L’ETE EST L’OCCASION DE SE DETENDRE ET DE SE REPOSER. C’EST AUSSI L’OCCASION DE LIRE DAVANTAGE. VOICI QUELQUES NOTES DE LECTURE. IL Y EN AURA D’AUTRES.
« Adios » de Kléber HAEDENS (Grasset, 1974). Ce livre a obtenu le Grand Prix du roman de l’Académie Française. Il s’agit du plus célèbre livre de l’auteur. Un roman d’apprentissage mais ce n’est pas La Recherche . Un journaliste sportif raconte sa vie. La première partie auprès de parents débiles de par leur rigorisme est assez amusante, la seconde me semble moins travaillée et un peu confuse. Belles pages sur le rugby, la corrida, le Sud-ouest. Distrayant, mais je trouve que cette façon d’écrire et de dérouler l’histoire a un peu vieilli. Il y a de meilleures pages de l’auteur.
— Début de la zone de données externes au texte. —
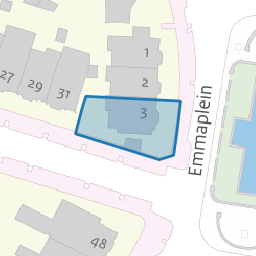 Perceel OGT00-C-3117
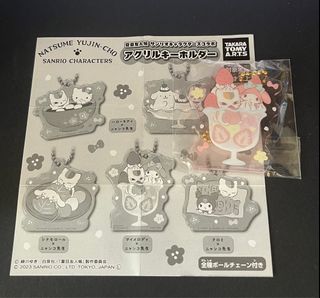（分類：）位於 。 由 dittoysss_ 提交（商品編號 1366456493，圖片 1）。簡介： 。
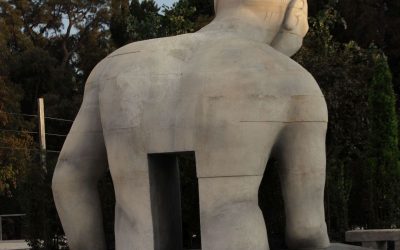 Richiesta di offerta per noleggio con autisti per tournèe Epidauro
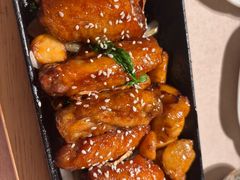 -玉玲珑·里舍(万象城店)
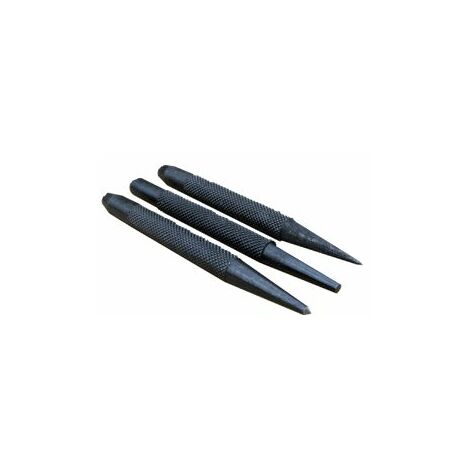 Jeu de 3 chasse-goupilles RS PRO ( Prix pour 1 )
« Journal d’un étranger à Paris », de Curzio MALAPARTE (Denoël, 1967). De la hauteur, du grand et du beau. Remarques très intéressantes sur la vie, la guerre, les amis mais aussi les écrivains vivants ou morts (Chateaubriand). Le narrateur est pris au piège de son propre passé ; il revient en France en 1947, notamment pour revoir ses amis. Il est plus ou moins bien reçu. Cependant, poursuivi par la vindicte de Mussolini, il s’était « in fine » très bien conduit. Mais les haines sont tenaces : « Les Français n’aiment pas qu’un étranger ait sur eux un jugement qui n’est pas le leur » (p. 225). A lire avec intérêt, sa seule et unique rencontre avec le dictateur italien.
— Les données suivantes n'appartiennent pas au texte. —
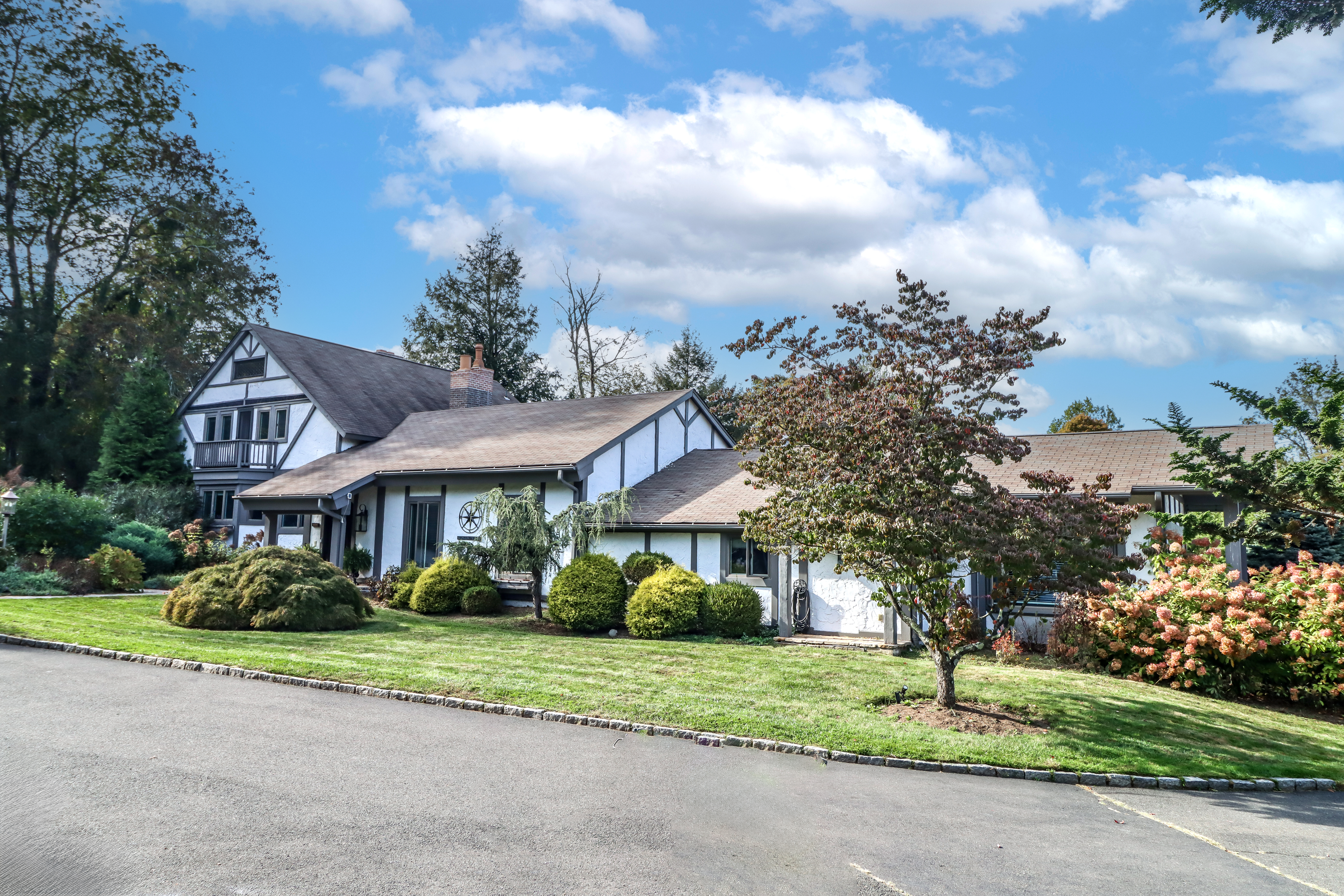  Welcome to Arundel, a One of a Kind Estate - 物件實景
« Passions » de Jean SCHLUMBERGER (Gallimard, 1956). Ce fondateur de la NRF est aujourd’hui bien oublié. On a publié, il y a une dizaine d’année au moins ses « Notes sur la vie littéraire 1902-1968). « Passions » est une suite de nouvelles très sombres. Les anecdotes qui forment la base des six nouvelles sont intéressantes, mais l’exploitation qui en est faite est très datée. C’est fort bien écrit, dans une langue châtiée, mais la voix des personnages « sonne mal ». Dans la vie, on ne parle pas de cette manière ; encore moins aujourd’hui. Certes, la littérature n’a que des rapports lointains avec la sténotypie, mais l’art du grand écrivain est justement de faire croire que les gens parlent de cette façon (cf le faux parler prolétaire de Céline).
« Correspondance André GIDE- André SUARES 1908-1920, Gallimard, 1963). Une amitié qui n’en a jamais été une, malgré les protestations de GIDE et qui s’est finie en fâcherie ( GIDE étant pour SUARES : le « Goethe des mouches, le pasteur de Sodome ») . Il n’y a pas de comparaison possible, GIDE me semble nettement en-dessous de SUARES sur le plan du style et de la réflexion. En revanche, Suarès est odieux, complexe, orgueilleux à outrance, et, il faut le dire, désagréable. Mais quelle culture !(n’oublions pas qu’il a voulu réconcilier le christianisme avec le paganisme), et quel bonhomme ! Très intéressantes remarques de Suarès sur la littérature et la création. Jubilatoire (pour Suarès).
« Quarante-cinq poèmes » de W.B. Yeats (Poésie/Gallimard, 2003). Lu quelques poèmes de Yeats traduits par Yves Bonnefoy. C’est très beau, mais je me demande si Bonnefoy, par son talent, n’améliore pas un peu l’original. Il a une conception particulière de la traduction. « Traduire c’est d’abord se laisser convaincre ». En ce qui me concerne, je suis plutôt partisan de coller au texte original, et de faire du « mot à mot », si c’est compréhensible. On garde ainsi la saveur exacte de l’original. « Même si le grand chant ne doit plus reprendre/ Ce sera pure joie, ce qui nous reste : / Le fracas des galets sur le rivage, / Dans le reflux de la vague.